[A Book of the Play by Dutton Cook]@TWC D-Link bookA Book of the Play CHAPTER III 7/20
He stated, further, that it was the King's command that the play should be acted, and that all offenders would be immediately secured by the guards in waiting.
In opposition to the magistrate it was maintained "that the audience had a legal right to show their dislike to any play or actor; that the judicature of the pit had been acquiesced in, time immemorial; and as the present set of actors were to take their fate from the public, they were free to receive them as they pleased." When the curtain drew up the actors were discovered standing between two files of grenadiers, with their bayonets fixed and resting on their firelocks.
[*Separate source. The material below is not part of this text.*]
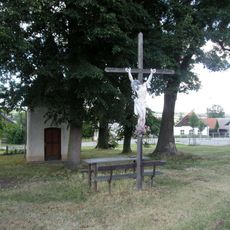 Kříž u kaple v Cekově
This seeming endeavour to secure the success of French acting by the aid of British bayonets still more infuriated the audience.
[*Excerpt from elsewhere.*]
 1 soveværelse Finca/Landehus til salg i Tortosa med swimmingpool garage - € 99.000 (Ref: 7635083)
Even Justice Deveil thought it prudent to order the withdrawal of the military.
The actors attempted to speak, but their voices were overborne by hisses, groans, and "not only catcalls, but all the various portable instruments that could make a disagreeable noise." A dance was next essayed; but even this had been provided against: showers of peas descended upon the stage, and "made capering very unsafe." The French and Spanish Ambassadors, with their ladies, who had occupied the stage-box, now withdrew, only to be insulted outside the theatre by the mob, who had cut the traces of their carriages.
The curtain at last fell, and the attempt to present French plays at the Haymarket was abandoned, "the public being justly indignant that whilst an arbitrary Act suppressed native talent, foreign adventurers should be patronised and encouraged." It must be said, however, that the French actors suffered for sins not their own, and that the wrath of the public did not really reach the Lord Chamberlain, or effect any change in the Licensing Act. For twenty years the Haymarket remained without a license of any endurance.